I made his stuffed elephant talk. I turned on Grateful Dead. I did my best Lisa Turtle impression, dancing “the sprain.” I tried my best to distract him from his mood, but being a one woman show is exhausting. Also, I’m clearly not a good one woman show because nothing worked.
Where is Amy Schumer when you need her?
I had a moment of panic. HOW DO I FIX THIS?!
And, in that moment, I saw myself. Not in the “oh my gosh, this child is so beautiful and don’t we look so much alike?” way. But in the, “there have been so many moments in my life where I have felt something that wasn’t full of rainbows and unicorns and my default was to try to fix it” way.
When the feelings that were tougher for me to experience, like rejection, failure, and heartbreak, came up for me, I used to be an expert at defaulting to fix it mode (otherwise known as cover it up mode, push it down mode, or run like hell from it mode). Many times I would turn to food, online shopping, or social media just to try to escape the thing that felt uncomfortable to feel in an effort to “fix it.”
But, no matter how many brownies smeared in nut butter I ate, how many blouses and ankle boots I bought, or how many photos of perfectly poured lattes I liked, the feeling was still waiting for me (often magnified thanks to the aforementioned fixing techniques).
I spent a lot of years thinking that uncomfortable feelings meant I was doing something wrong. Like, if I was skinnier or had the perfect job or traveled the world for a year that I would never have to feel anything other than relaxation, excitement, and joy.

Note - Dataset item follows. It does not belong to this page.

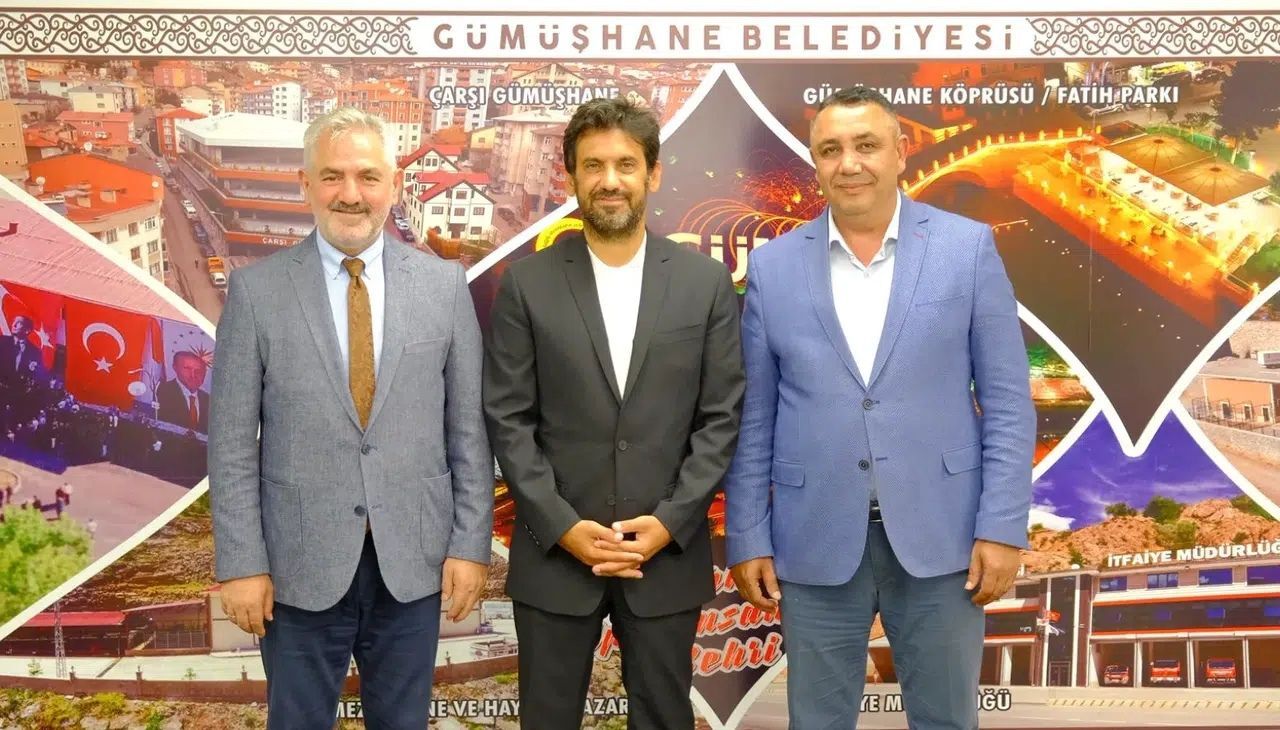 Gümüşhane Sonbaharda Kültür ve Sanat Şölenine Ev Sahipliği Yapacak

I’ve tried to think a lot about when I started to believe that feeling something uncomfortable meant “you need fixed!” rather than “you need felt.” I still can’t quite figure it out. But, what I do remember vividly is the moment I decided to try something new.

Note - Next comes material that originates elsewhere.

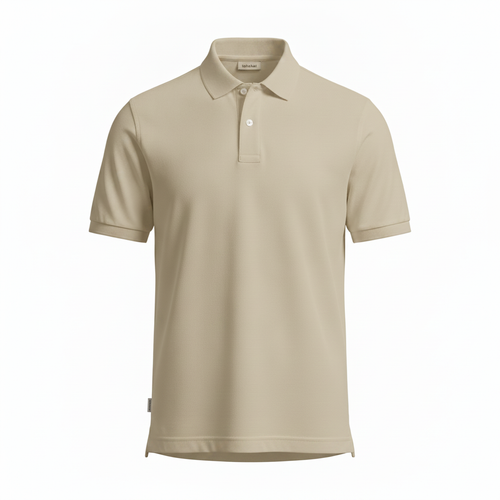 Pebble Polo Polo Shirt — Lolekai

At the time, I was working at the law firm and had a very challenging day at the office. One of the partners I worked with had said something very hurtful about me to another one of the partners, who had then told me what she had said. I felt rejected. I felt like a failure. And I felt heartbroken. It was all of my least favorite feelings wrapped up in a bow (but not a pretty bow, more like a bow made of poop. I’m no Martha Stewart, but even I know that NOBODY LIKES A BOW MADE OF POOP!).
I left the office and headed home. When I got there, I realized Tim wasn’t home from work yet. Traditionally, the most binge-triggering time of the day for me was the hour or so after work, when I was feeling exhausted, often struggling with more challenging emotions, and was in the house alone. I went into the kitchen and started rummaging. I went through the cabinets hunting for something that would make me less of a rejected, heartbroken failure. MISSION ACCOMPLISHED! I found a bag of pretzels, some cookies, chocolate chips, and a jar of peanut butter. NAILED IT! Extra points because I was confident I could smash all these foods up and eat them together in some sort of sweet-salty combo.
As I took out a mixing bowl, I heard my coach Amy’s voice in my head. She gently said, “if you choose to feel it, you can handle it.”
I decided in that moment to that I would try. After all, those pretzels would still be there in a few minutes, right?
I left all the food on the counter, went up to my bedroom, took off my bra (trust me: it’s so much easier to feel feelings when you can ditch the bra), and got under the covers. It was still light out but I didn’t care. I let all the weight of my head sink into the pillow and I cried my eyes out. I cried so hard. I cried because I had been working so much. I cried because, even if I didn’t want it to, what that partner thought about me did matter to me. I cried because I thought she was my mentor and it turned out she didn’t care about me the way that I thought she had. I cried because I was really unhappy at my job and it pissed me off that I was letting something that made me so unhappy make me even MORE unhappy. I cried because it felt good to cry. I just felt it ALL. Once I got started feeling, it was like I entered the calm eye of the storm. It actually felt so quiet to be in the midst of so many feelings. I just let myself lay there, feeling and crying, for a long time.
The next thing I knew, Tim was waking me up. He was standing over me asking “are you sick? Is everything OK?” I guess somewhere between sobbing like a child and feeling all the feelings, I had fallen asleep.
My eyes were swollen and itchy from all the tears, but I was pleasantly surprised to find that my answer to Tim was “yes!! I am OK!” Just like Amy had promised, I was able to handle it. I was suddenly free to feel those uncomfortable feelings. The best part about feeling it? The release that came after.
Since then, I’ve tried to remember to do less fixing and more feeling.
So, on Monday morning when all of my fixing flopped, I remembered this. I remembered to fix less and feel more.
I looked at Osh in the eyes and said “sometimes we just feel sad and, hey! It’s OK to feel sad.” I gave him a hug, let him cry, and pretty soon he fell asleep (like mother, like son, I guess!), too.
If you’re also trying to fix less and feel more, some my favorite ways to be in the moment with tough feelings are: crying, journaling (often while crying), praying (can be done while crying), walking outside (usually while crying), hot showers (also while crying) and getting a hug from someone I love (100% while crying).